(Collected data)
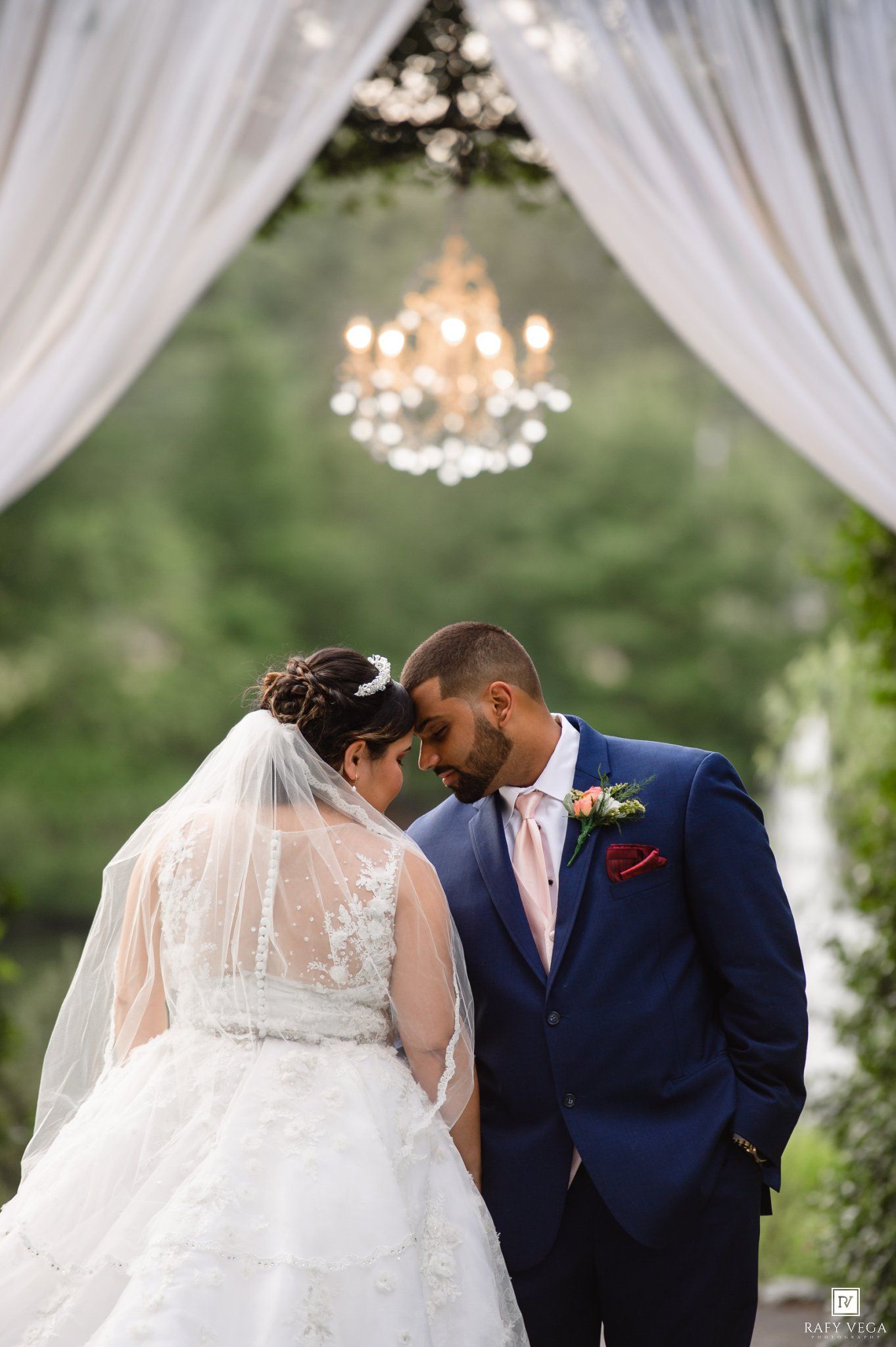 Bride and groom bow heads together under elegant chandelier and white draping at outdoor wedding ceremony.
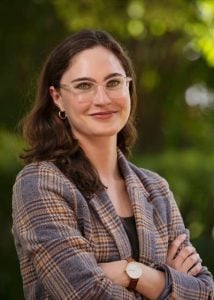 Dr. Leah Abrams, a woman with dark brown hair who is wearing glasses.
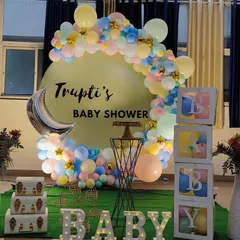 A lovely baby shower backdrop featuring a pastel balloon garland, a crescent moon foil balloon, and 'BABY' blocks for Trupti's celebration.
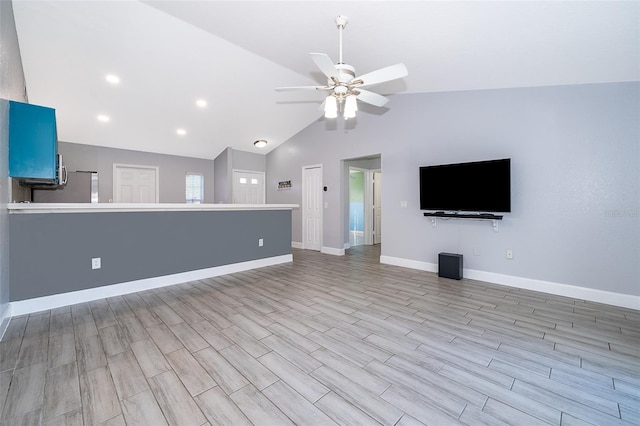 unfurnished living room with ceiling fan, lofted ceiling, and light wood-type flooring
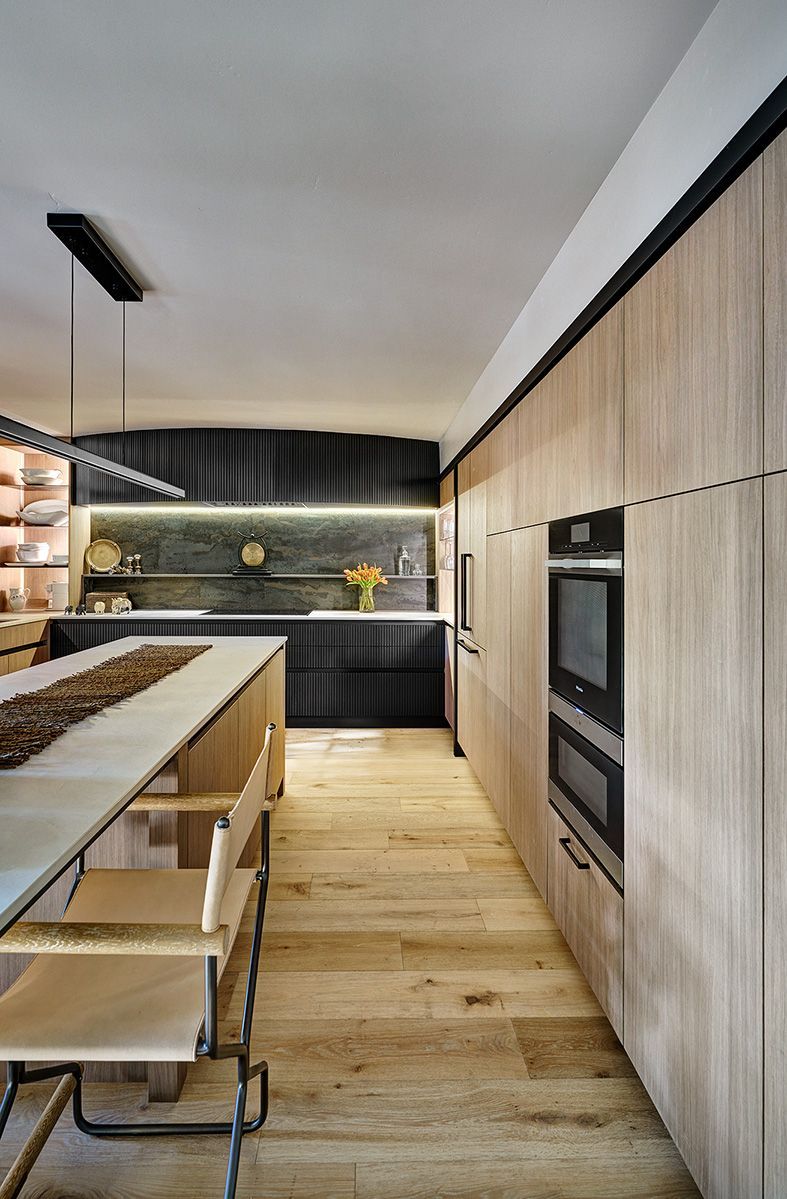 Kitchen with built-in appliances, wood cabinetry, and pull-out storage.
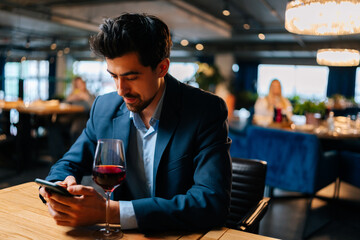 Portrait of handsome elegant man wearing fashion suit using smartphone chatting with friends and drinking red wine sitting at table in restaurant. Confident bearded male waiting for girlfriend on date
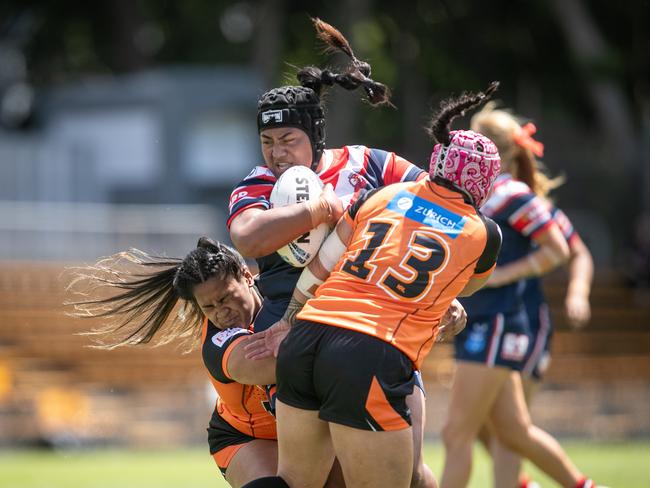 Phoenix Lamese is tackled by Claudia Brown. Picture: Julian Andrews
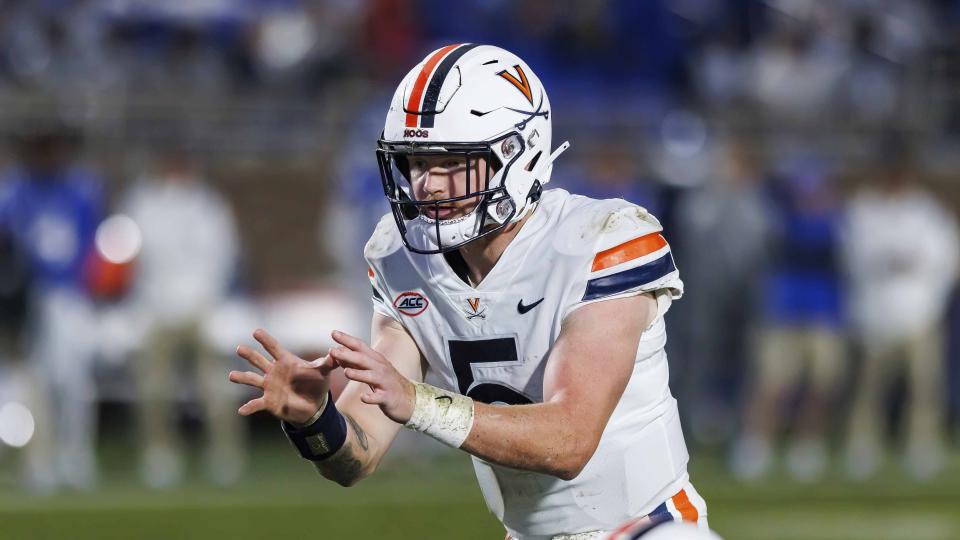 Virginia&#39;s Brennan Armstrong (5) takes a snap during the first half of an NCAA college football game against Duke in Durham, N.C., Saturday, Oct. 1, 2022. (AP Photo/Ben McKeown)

_Problem to solve_
Nothing but an exact copy of the data, without its images, should make up your answer.

_Answer_
 Bride and groom bow heads together under elegant chandelier and white draping at outdoor wedding ceremony.
 Dr. Leah Abrams, a woman with dark brown hair who is wearing glasses.
 A lovely baby shower backdrop featuring a pastel balloon garland, a crescent moon foil balloon, and 'BABY' blocks for Trupti's celebration.
 unfurnished living room with ceiling fan, lofted ceiling, and light wood-type flooring
 Kitchen with built-in appliances, wood cabinetry, and pull-out storage.
 Portrait of handsome elegant man wearing fashion suit using smartphone chatting with friends and drinking red wine sitting at table in restaurant. Confident bearded male waiting for girlfriend on date
 Phoenix Lamese is tackled by Claudia Brown. Picture: Julian Andrews
 Virginia&#39;s Brennan Armstrong (5) takes a snap during the first half of an NCAA college football game against Duke in Durham, N.C., Saturday, Oct. 1, 2022. (AP Photo/Ben McKeown)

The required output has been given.